I admit it, in many ways I'm apparently not much of a "people person", so why am I worried about building "community".


Perhaps, it's not that I"m antisocial, or not a team player, but that I've not been able to find a team I fit with since High School band. You see, in my (obviously filtered) memory, the last two years of High School band are my gauge against which pretty much everything else has been measured. We had a band director, that while a complete tool in many ways, this being his first job out of College, and obviously not yet understanding we were High School and Junior High kids, not college kids, and the antics of University Frats aren't quite appropriate for 14 year olds, he was great at one thing... He set standards and held us to them, with the firm and complete belief we could achieve them.

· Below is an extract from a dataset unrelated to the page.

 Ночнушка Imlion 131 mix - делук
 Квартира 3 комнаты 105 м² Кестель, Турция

We went from my Sophmore year, maybe playing tunes like "The Horse", and "I'd like to teach the world to sing", incorporated into a so-called half-time show, where we played one tune marching straight out from the sideline into a half moon. From there we would stand still, play a song for the majorettes and flags to perform to, one for the dance squad and then walk off to drum taps under one band director (who was burnt out), to having a completely new halftime show every week, tunes like "Malagueña", non-stop marching, and completely by memory. If you couldn't do it Friday afternoon in practice, you rode the bench Friday night.

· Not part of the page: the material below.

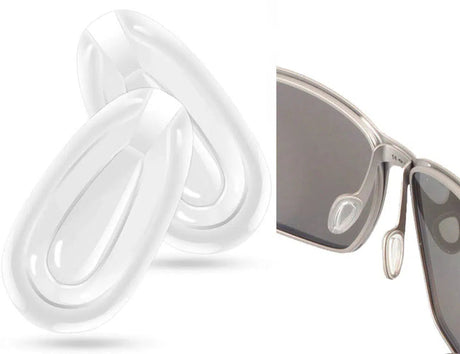 Enhanced Comfort with Seek Optics Oakley Nose Pads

We all quickly learned, being a "team player" meant you play your notes, be in your spot, and marching your route and that was your responsibility. If everyone did their part, the whole worked perfectly.


Unfortunately in the decades that followed, in pretty much every job or organization I was in, they all claimed to be "teams" and emphasized being a team player, but that seemed to be expressed by each person paying more attention to what others were or were not doing, some slacking while others picked up the slack, in short, while things may have gotten done, it was haphazard, chaotic and far from what would have been possible.

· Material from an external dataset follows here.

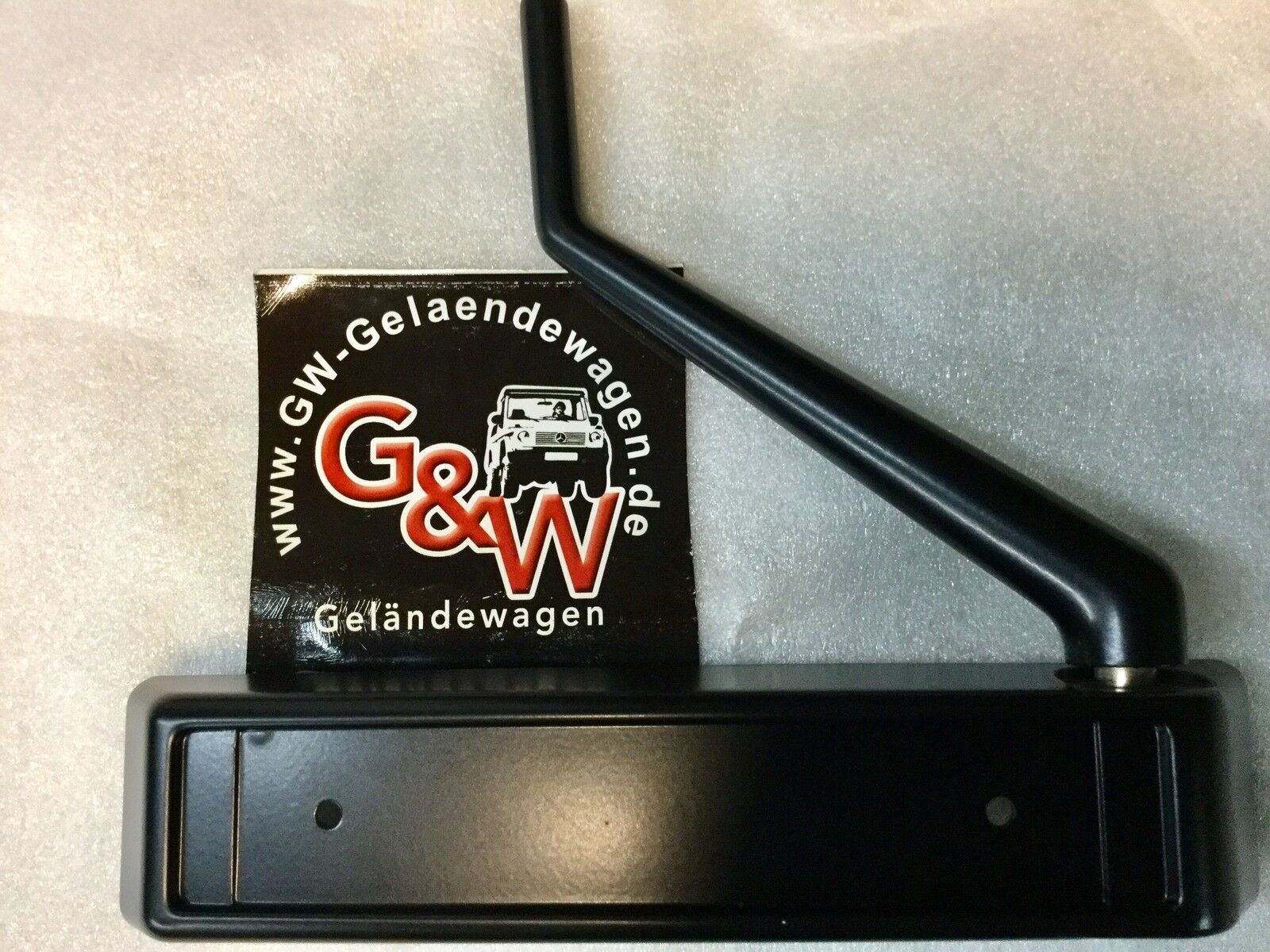 G Klasse Mercedes G Modell Spiegelhalter Türspiege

Hence why I keep searching for, or trying to create my version of community.


Current social media platforms, be they the huge ones everyone seems to be on (and which I'm beginning to leave), or even the more lifestyle-oriented ones, for me, still don't have that true community feel, mostly because, to me, the community is face to face. We may use a phone or email for some communication (or blog), but the real communication requires words, tone, facial expression and body language, which really needs to be in person. Thus while there may be an "Arkansas" group on a given platform, that may still mean the members are 2 hours or more away from each other, not really a situation where if someone needs a quick hand for a 30 min job, you can drop what you're doing to go help. Weekly gatherings for food and fellowship just can't happen.


Thus, I've tried doing community gardens, and Facebook groups, with very limited success. I've now left Facebook, and attempting to start a local monthly newsletter that is currently called "The Delta Homesteader". It will be distributed solely by email and can be saved, printed or forwarded as the recipients wish. I do hope for contributions by multiple people, either for content, layout, email list management etc. I hope for input from the old hands with decades of experience as well as the next generations (with parental approval and support depending on age).


Most of all, I want to use it as a tool to build community in my very local area.